Approach #2: Ad Serving Routes
For our second attempt, we allowed a single tactic to own the T&C split.
An Ad Serving Route (ASR) is Eyeview’s way of directing a user to campaign videos within the tactic. If we define a Test ASR (i.e. test videos) vs. a Control ASR (control videos), we could now make sure to split ASRs according to weight as well as making sure users are “sticky” to an ASR.
It seemed like the right solution but provided new and unresolved problems:
- If we needed multiple ASRs, all the Test ASRs and all the Control ASRs were mutually exclusive with each other – similar to approach #1, there was still an unnecessary delivery constraint.
- This scheme didn’t allow mutual exclusivity among different tactics within the same campaign.
Approach #3: Ad Serving Routes + Groups
In addition to ASRs we introduced the concept of and Ad Serving Route Group (ASRG).
An ASRG contains ASRs from different tactics within a single campaign. The Test group and the Control group are modeled as different ASRGs. One campaign may have many Test ASRGs and many Control ASRGs, all of them are mutually exclusive from each other.
In this scheme:
- Within the scope of a tactic, stickiness continues happening at the ASR level.
- Within the scope of a campaign, stickiness happens at the ASRG level.
This mechanism solved our previous limitations:
- Different Control ASRs were not mutually exclusive with each other as far as they belong to the same ASRG.
- Different tactics were mutually exclusive as far their ASRs belong to different ASRGs.
Implementation and Technologies
We use MongoDB for our Campaign DB, which includes campaign, tactic, ad serving routes, and ad serving route group definitions.
We use Aerospike to store the user frequency data. Here we store the history of our users, keeping track of what tactic and what ad serving routes we served.

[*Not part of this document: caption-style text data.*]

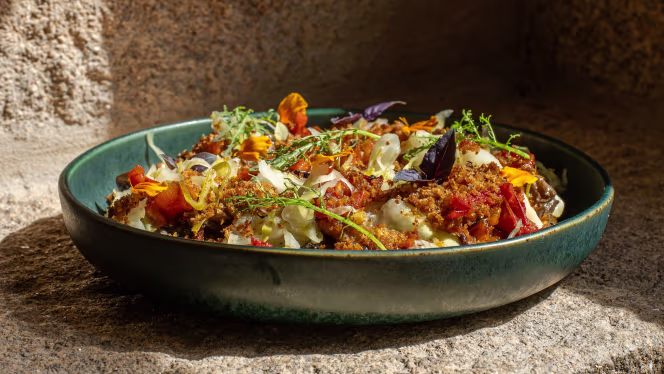 Restaurante Casa Cunha Leal - 9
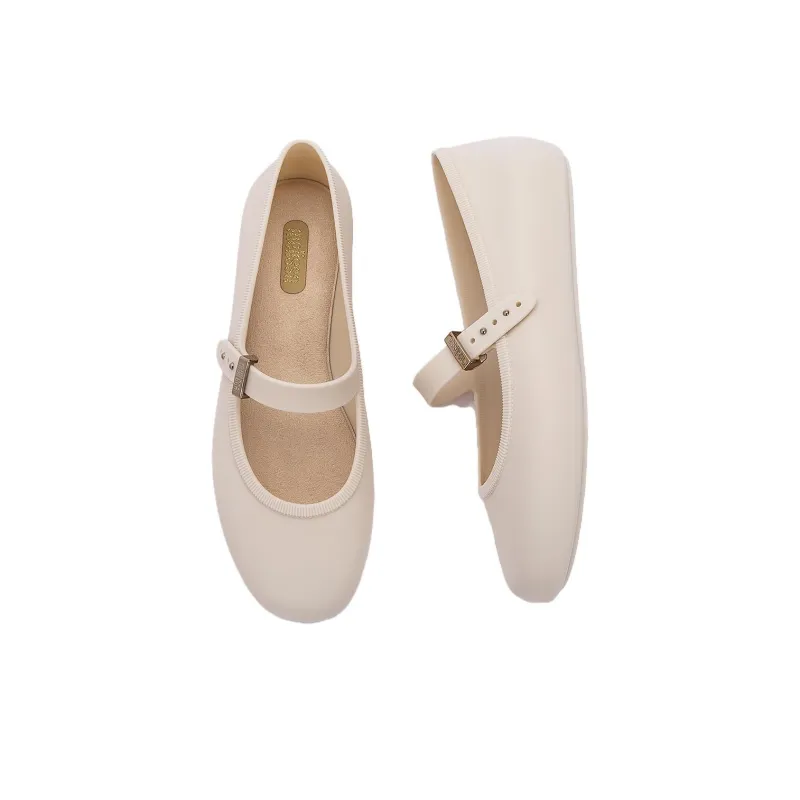 MELISSA Casual Single Shoes Flat Women's-7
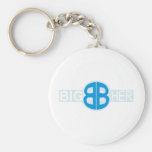 Big Brother Shirt & More! Keychain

When our bidder processes a bid call and evaluates a tactic as a candidate to serve, it checks the user history to determine if the user has already been served by that tactic or by another tactic in the same campaign. If that’s the case it performs user personalization, enforcing the conditions of stickiness to ad serving routes and mutual exclusivity between ad serving route groups.
Ad Serving Route Type Available in User Scoring Context
When we process a bid call we leverage a user scoring functions (USF) to decide how interested we are in the user. We do this for every tactic that is a candidate to serve.
We make USF calls by passing a variety of values related to the tactic, the user, and the bid call. We decided to add the Ad Serving Route Group type (an indication of whether we are going to serve on a Test or a Control group) to that input.
To accomplish this we reshaped our targeting logic. Both USF evaluation and video variant selection are time and resource-consuming tasks that don’t happen in our bidder instances, they all run parallel in dedicated servers. In the past, our targeting logic comprised both ad serving route selection and video variant selection. We needed to move the ad serving route selection to an earlier state in the bid call processing pipeline so that all parallel calls could be made with all the required inputs.
At Eyeview we understand that the success of a video campaign is determined by its capacity to deliver results. We also assert that campaign performance must be measured thoroughly.
Our Test & Control mechanism allows us not only to measure the outcome we deliver to our clients but also to continuously explore how results can be improved, providing support to make smart marketing decisions.